One reviewer commented that participating in the workshop opened up opportunities they didn’t know existed. Wyer says that is the bottom line, and that other attendees were equally surprised.
“It’s so revealing when you find out new information,” Wyer said. “The fact that if you work for the county and you’re a barber, you can get a contract to cut hair at the jail. If you’re an auctioneer, they have needs for auctioneers in the county. You can find all your different ways to do business – there’s somebody out there that needs those services. And this helps connect those two pieces together.”
One key to getting out the word – or receiving it – is networking. The workshop provided some lessons on letting everyone know you’re out there and vice versa.

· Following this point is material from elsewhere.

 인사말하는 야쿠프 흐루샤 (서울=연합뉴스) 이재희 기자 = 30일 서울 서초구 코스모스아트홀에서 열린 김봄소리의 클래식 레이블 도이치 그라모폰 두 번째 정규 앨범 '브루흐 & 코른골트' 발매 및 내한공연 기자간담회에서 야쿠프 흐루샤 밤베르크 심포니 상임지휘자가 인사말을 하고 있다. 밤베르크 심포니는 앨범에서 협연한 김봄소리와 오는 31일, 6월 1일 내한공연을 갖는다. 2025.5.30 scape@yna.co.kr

“I made numerous jokes throughout the day that when I saw people network, business cards were flying in the air; there were smiles going on, handshakes, so it was really nice to see the networking take place,” said Wyer. “That’s the best way I can tell businesses to go out and find out what’s happening; what your competition is doing; what your mentors are doing. People are more than happy to share their stories to help you out along the way.”
The excitement this year surpassed that from last year’s event, says Wyer. Case in point, this year’s first appearance by officials from the Pensacola Blue Wahoos.
“The Her Foundation (which helps female veterans) came and visited them during the 101 Exchange, and they made an agreement where they’re going to possibly throw out the first pitch for a baseball game, and sponsor them for a night and possibly even sing the National Anthem,” Wyer said. “People left the room just thrilled, and even at the end of it they wanted to stay around a bit longer and talk outside and spend time meeting other people; and just being fired up about what they can do in the future.”
Looking ahead to next year’s session, one goal is getting more businesses to the event, especially those on the grassroots level that haven’t attended before. Wyer says when working with the various groups, he learns new things on a daily basis.
“Mark Faulkner did a wonderful job of explaining Baptist Hospital’s huge project of $600 million, what the impact is going be on our community,” said Wyer. “How he’s working with different groups to align with getting these businesses locally to work with that. It’s just a wonderful time to hear information that’s new and exciting, and being able to share that with others.”
One of Brian Wyer’s goals for the 2021 workshop is to have at least 200 attendees. And if this year’s participants take away just one thing, he hopes they realize there are people behind the processes.
“You can go online and pull the information up, you can fill forms out,” said Wyer. “But I really saw the fact that people were there behind it. They say ‘If you have a problem, if you have an issue, contact me; here’s my card, here’s my cell number.’ Everything isn’t set in stone; some things you can really work with by having networking in place, and building those great relationships.”
Meanwhile, the Gulf Coast Minority Chamber will conduct a number of smaller workshops later this year called “How Do You Work with Your Local Government?” with the city of Pensacola; Emerald Coast Utilities Authority, and the Escambia School District, among others.